One, a constitution is a charter, a framework for organizing power. “At minimum, an authoritative constitutional text must sketch the fundamental modes of legitimate government operations.”
Two, a constitution is a custodian of fundamental rights. (Murphy uses the term “guardian.”) “In so far as a text is authoritative and embodies democratic theory, it must protect rights to political participation.”
Three, a constitution is a covenant, a symbol and an aspiration of the body politic, “a covenant by which a group of people agree to [re-]transform themselves into a nation.”
Four, a constitution can be mere cosmetics, intended to deceive by paying lip service to democratic ideals.
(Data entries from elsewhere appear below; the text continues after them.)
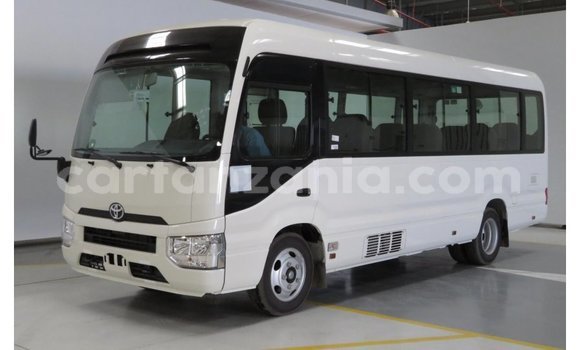 Nunua Imported Toyota Coaster Nyeupe Gari ndani ya Import - Dubai nchini Arusha Nunua Imported Toyota Coaster Nyeupe Gari ndani ya Import - Dubai nchini Arusha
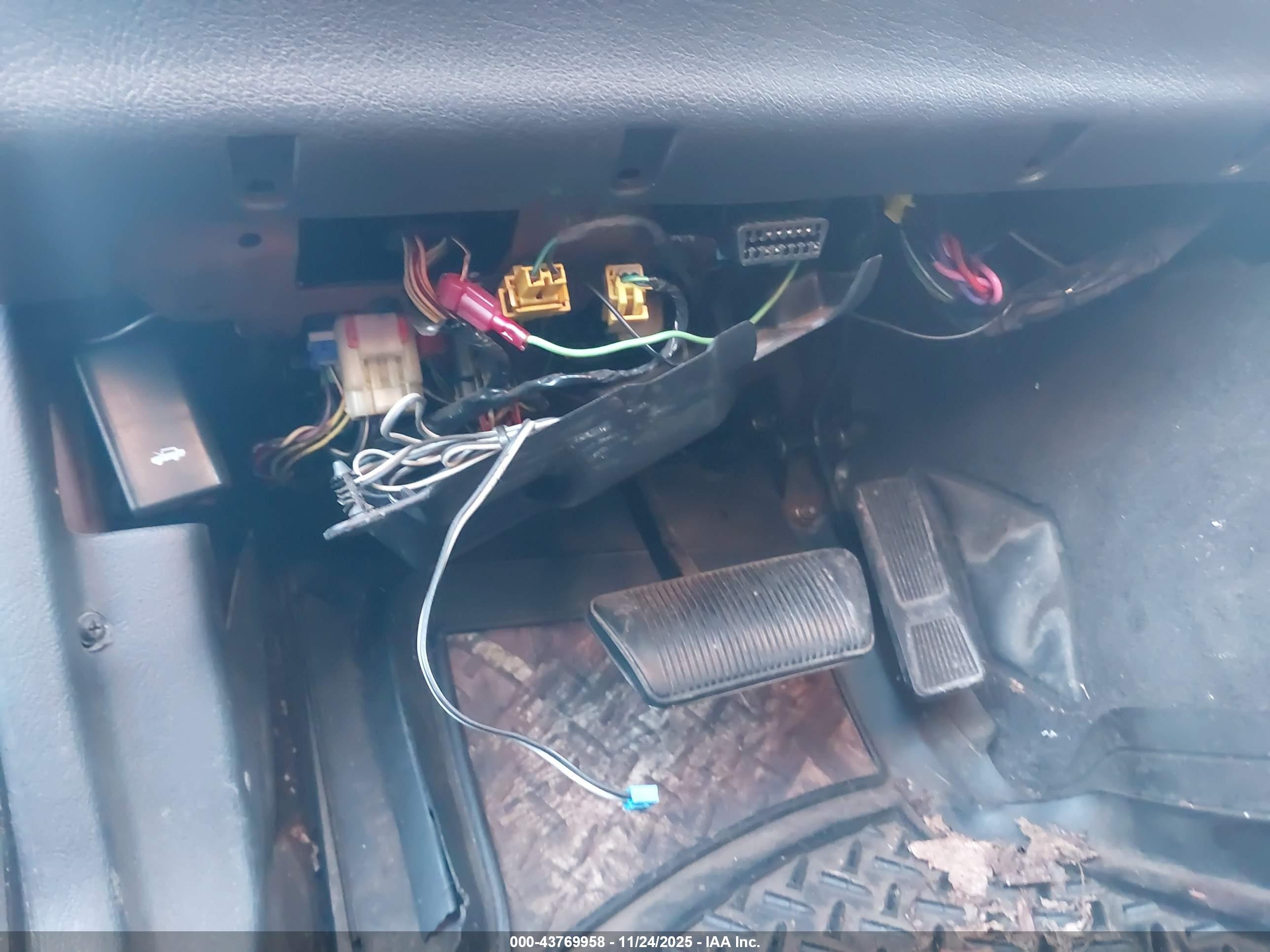 JEEP GRAND image 6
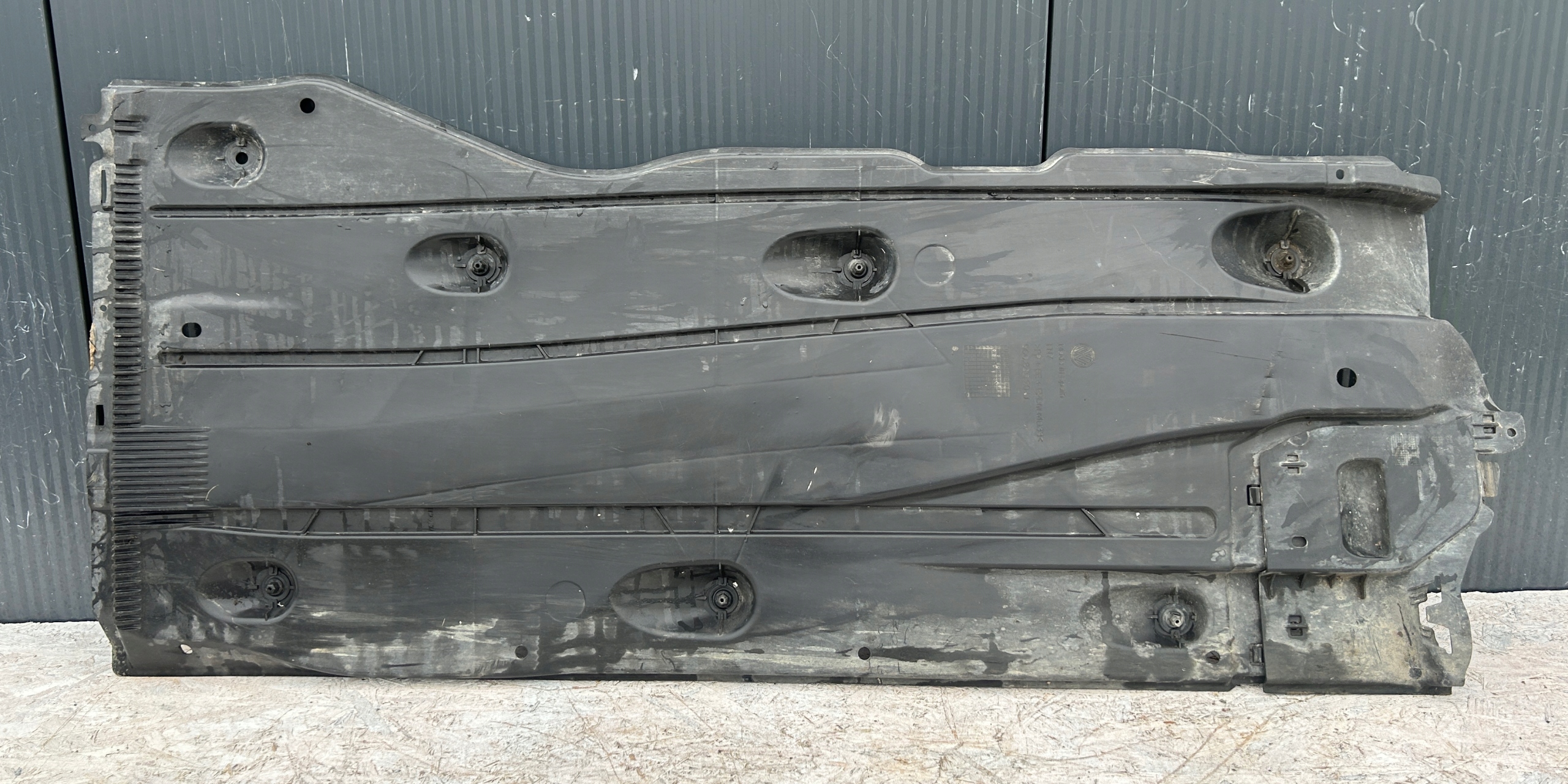 cover chassis left VW GOLF VII 12- 5Q0825201L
The cosmetic role “allow[s] a nation to hide its failures behind idealistic rhetoric.”
Jon Elster, in the Duke Law Journal (45 Duke L. J. 364 ), identifies eight “circumstances” that “induce constitution-making.” He writes: “The fact is that new constitutions almost always are written in the wake of a crisis or exceptional circumstances of some sort.
1. Social-economic crisis.
3. Regime collapse.
4. Fear of regime collapse.
5. Defeat in war.
6. Reconstruction after war.
7. Creation of a new state.
8. Liberation from colonial rule.
I note that the President’s popularity is not one of these conditions.
(From remarks made at the DLSU College of Law Forum on Charter Change, Feb. 26, 2018.)